THE Political Actors Dialogue (POLAD) has broadened its consultations around electoral reforms to get input from civil society organisations to find common ground and ensure free and fair elections in 2023.
POLAD principals and CSO representatives met in Nyanga over the weekend to interrogate the draft Electoral Amendment Bill submitted to Parliament by civic society groups.
They also interrogated the recently gazetted Independent Mechanism Complaints Process Bill.
The ongoing consultation is meant to get stakeholders’ input on legislative, administrative and political gaps that exist in the Electoral Act.
POLAD will then come up with a position paper on electoral reforms for presentation to Government.
Zimbabwe Electoral Support Network (ZESN) programmes coordinator, Mrs Ellen Dingane, said POLAD principals were interrogating the bill to lobby for reforms to the Electoral Act.
“We are unpacking the draft bill developed by CSOs to strengthen the Electoral Act, after which POLAD principals will use their platform to push for some reforms.
“We are agreeing on most of the issues, but there are issues that need to be tightened. For example, the bill says the voters’ roll should be availed to interested stakeholders in a timely manner — and they (POLAD ) have asked us to provide a specific timeframe.

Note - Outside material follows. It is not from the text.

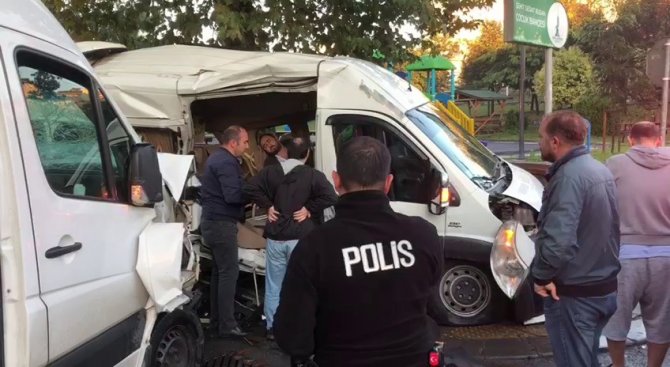 Sancaktepe’de İki Servis Aracı Çarpıştı: 4 Yaralı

“The need for reform is very evident, hence the need to amend the Electoral Act,” said Mrs Dingane.
She said proposals in the bill will significantly improve the legislative framework for elections in Zimbabwe if adopted.
Key highlights of the draft bill include advancing the independence of ZEC, gender parity in political parties, Parliament and local authorities; as well as the observance of quotas reserved for the youth and persons with disabilities.
In addition, it is recommended that the visually impaired voters be provided with a braille ballot paper to ensure secrecy of the votes.
Zanu PF representative and national secretary for legal affairs, Cde Paul Mangwana, said most of the proposals are progressive since they seek to improve transparency around elections.
However, he said some of the proposals are far-fetched.
“The Government should play a role when it comes to the invitation of foreign election observers. We have disagreed on the proposal that ZEC should approve the foreign observers who come into the country.
“This is a security matter and the State must play a key role in admitting or denying entry into the country,” said Cde Mangwana.
National Constitutional Assembly (NCA) leader, Professor Lovemore Madhuku, said electoral reforms are crucial for free and fair elections in 2023.
“We are going through the whole Electoral Act and all other laws that are related to elections and proposing the reforms we would want to see,” he said, adding that those dismissing POLAD as a useless grouping of politicians are misguided.
“It doesn’t help to exclude yourself when you want to make political and electoral reforms that require those in Government to take on board. Those not joining POLAD are not interested in electoral and political reforms. They will make noise until the next elections. It is their way of doing things,” said Prof Madhuku.
MDC-A leader, Mr Nelson Chamisa, has snubbed the political grouping where 18 political parties are represented.
People’s Rainbow Coalition leader, Mrs Lucia Matibenga, said there is need for broader consultation around electoral reforms.
“We are no longer going to be fumbling in the dark as we advocate for the reforms. The reforms are generally agreed as a necessity to levelling the playing field before the 2023 elections. They will help us to have undisputed elections,” she said.